Onze jours plus tard. 28 avril 2013. Les parisiens reviennent affronter les savoyards en championnat. Décalé cette fois par Jérémy Menez, nous retrouvons Christophe Jallet à la passe avec un décalage en une touche de balle à raz de terre dans la course d’un Javier qui depuis l’aile droite de la surface de réparation envoi le ballon d’un tir de l’intérieur du pied droit directement dans le petit filet opposé. Evian Thonon Gaillard – Paris SG, 0 – 1. Paris repart avec les 3 points. Javier Pastore se rapproche de son premier titre de Champion de France, offrant aux Qataris un bon retour sur investissement.
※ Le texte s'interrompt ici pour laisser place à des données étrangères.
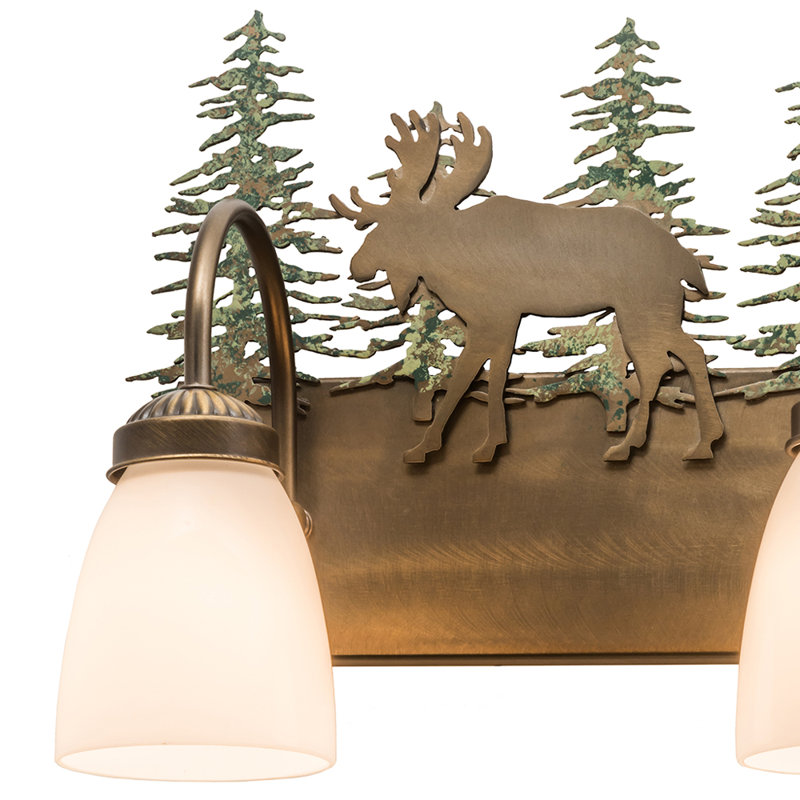 Rustic Lodge 4 - Light Dimmable Vanity Light, Antique Copper/Green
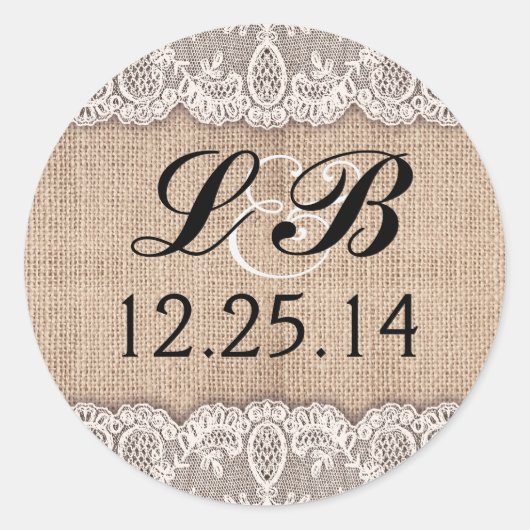 monogramme mariage et autocollants en dentelle (Devant)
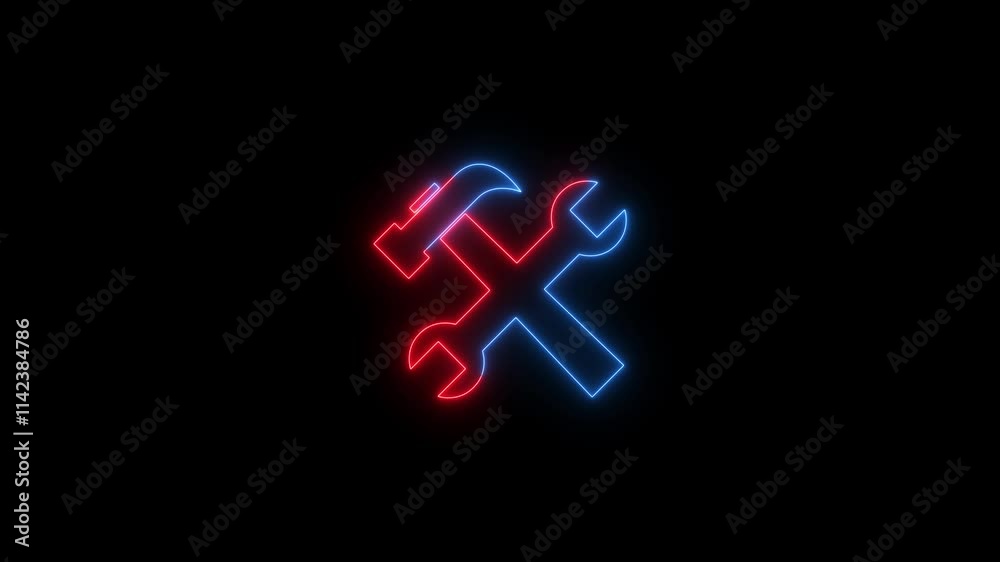 Glowing neon line setting icon animation on black background. Glowing neon line setting icon animation on black background.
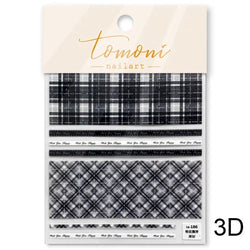 French Style Geometric Black White Square Grid Rhombus Stripe 3D Self Adhesive Nail Art Stickers Shiny Rhinestone Manicure Decal (ONLINE ORDER ONLY)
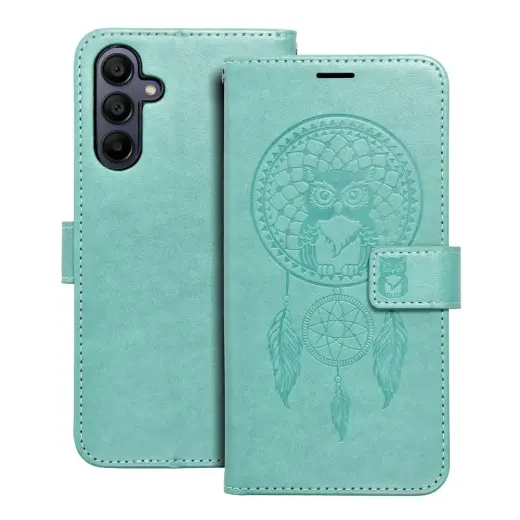 MEZZO dreamcatcher grāmatveida maciņš telefonam Samsung Galaxy A15 4G (A155) | A15 5G (A156) zaļš
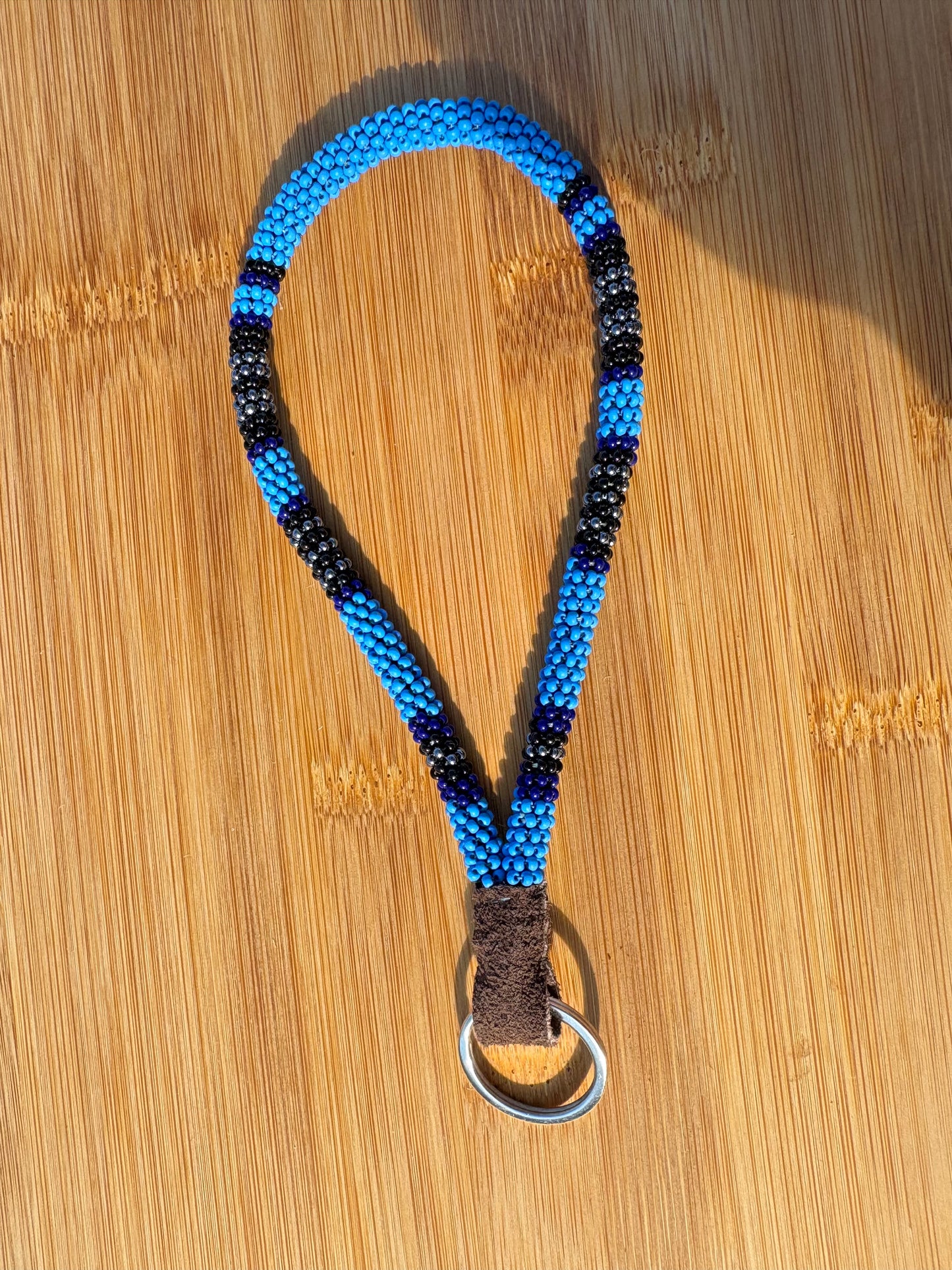 Blue Striped Beaded Wristlet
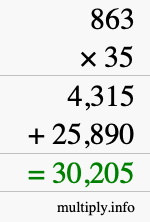 How to calculate 863 times 35 using long multiplication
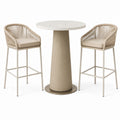 Ensemble de bar 3 pièces beige et blanc moucheté, table ronde Ø 80 × H 105 cm et 2 chaises hautes 56 × 57 × 102 cm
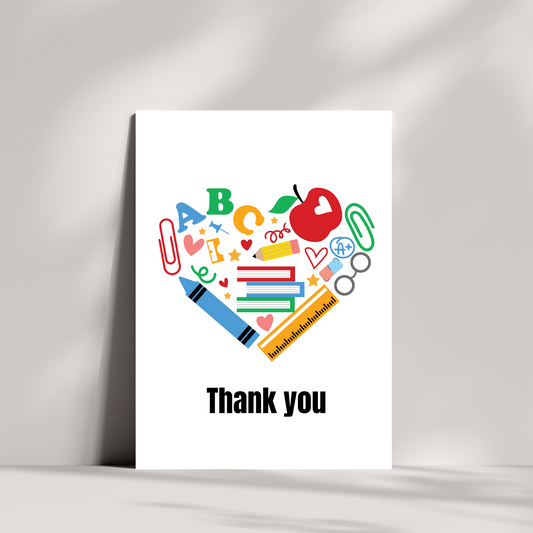 Stationery love heart teacher thank you card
Paris n’a pas attendu les princes du désert pour avoir la fibre ciel et blanche ! Les couleurs rappellent le Vieux-Port, mais celles-ci sont sud-américaines ! Le pionnier et pas des moindres, une légende diront certains, assurément un des plus grands joueurs de l’histoire du club, sa première vraie star, un ange tombé du ciel, « El Goleador » Carlos Bianchi. Meilleur joueur du Championnat, il marqua pour sa première saison à Paris 37 buts en 38 matchs. Son total fut de 71 buts en 80 matchs. Il joua lors de la saison 1977/1978 avec un autre argentin, lui aussi originaire de Cordoba, comme Javier, le défenseur Ramon Heredia. Celui-ci, perturbé par plusieurs blessures, ne joua que quelques matchs avant que son contrat ne soit résilié, pour retard à son retour de congés à la trêve hivernale !

Carlos « El Goleador » Bianchi

Le joueur cielo et blanco suivant à venir au Paris SG est lui aussi originaire de Cordoba et a également joué pour le Club Atlético Huracan, comme Javier, il s’agit du Champion du monde 1978 Osvaldo Ardiles. Il ne resta à Paris que quelques mois…
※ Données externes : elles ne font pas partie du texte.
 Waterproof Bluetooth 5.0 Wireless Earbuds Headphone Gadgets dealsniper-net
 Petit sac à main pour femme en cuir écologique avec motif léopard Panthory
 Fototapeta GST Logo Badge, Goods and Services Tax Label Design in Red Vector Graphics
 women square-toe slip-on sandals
Aujourd’hui bien connu des téléspectateurs français pour ses envolées lyriques et son chauvinisme toque, Omar Da Fonseca ne resta à Paris qu’une seule saison durant laquelle il ne brilla guère, bien qu’il remporta le premier titre de Champion de France du Paris St-Germain Football Club en 1986. En 1987 arriva le milieu de terrain Gabriel Calderon. Ce coéquipier de Diego Maradona en sélection et de Safet Sušić au Paris SG y jouera avec brio trois saisons jusqu’à l’été 1990. Il quitta Paris après 113 matchs joués et une finale de Coupe du Monde perdue contre l’Allemagne au Stadio Olimpico de Rome.
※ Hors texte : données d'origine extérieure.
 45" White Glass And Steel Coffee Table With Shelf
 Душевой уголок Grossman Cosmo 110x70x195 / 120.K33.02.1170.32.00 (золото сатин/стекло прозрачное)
En janvier 2001, Luis Fernandez fit venir un défenseur central de Barcelone, là où il était adulé, à l’Espanyol. Mauricio Pochettino fut capitaine de l’équipe parisienne lors de sa dernière saison au club. Un de ses compatriotes le rejoindra à l’été 2001, autre recrue défensive de Luis. Les 132 matchs acharnés de Gaby à Paris en feront une idole du Parc des Princes. Ils lancèrent aussi sa carrière en Europe et en sélection. Après 3 saisons Porte de St-Cloud, son transfert à Manchester United le propulsa encore plus haut, jusqu’au Real Madrid, avant de revenir en France, dans un club aux couleurs ciel et blanche. Pas sud-américaine celles-là… Le Football est parfois douloureux. Son parcours à Paris aura notamment été marqué par une excellente saison 2003 – 2004 à la fin de laquelle les hommes de Coach Vahid finiront héroïquement seconds du classement.

Gaby Heinze, avant…

Un des hommes forts de ce périple n’était autre que l’imbattable Juan Pablo Sorin. Arrivé tout droit de Barcelone, version Camp Nou, son style capillaire fit chavirer les parisiennes mais aussi les défenseurs adverses puisqu’il resta invaincu avec le maillot Rouge et Bleu sur 26 matchs disputés. Un autre coéquipier de Mauricio et Gabriel ne fit qu’un bref passage au PSG. Arrivé pourtant meilleur buteur du Championnat argentin en 2001 avec River Plate, Martin Cardetti ne resta qu’un an, avec 8 buts en 26 matchs. Autre petit génie du ballon rond, les 1 mètre 64 de Marcelo Gallardo ne brillèrent pas beaucoup au Parc des Princes sur la saison 2007 – 2008 et quelques 28 matchs joués.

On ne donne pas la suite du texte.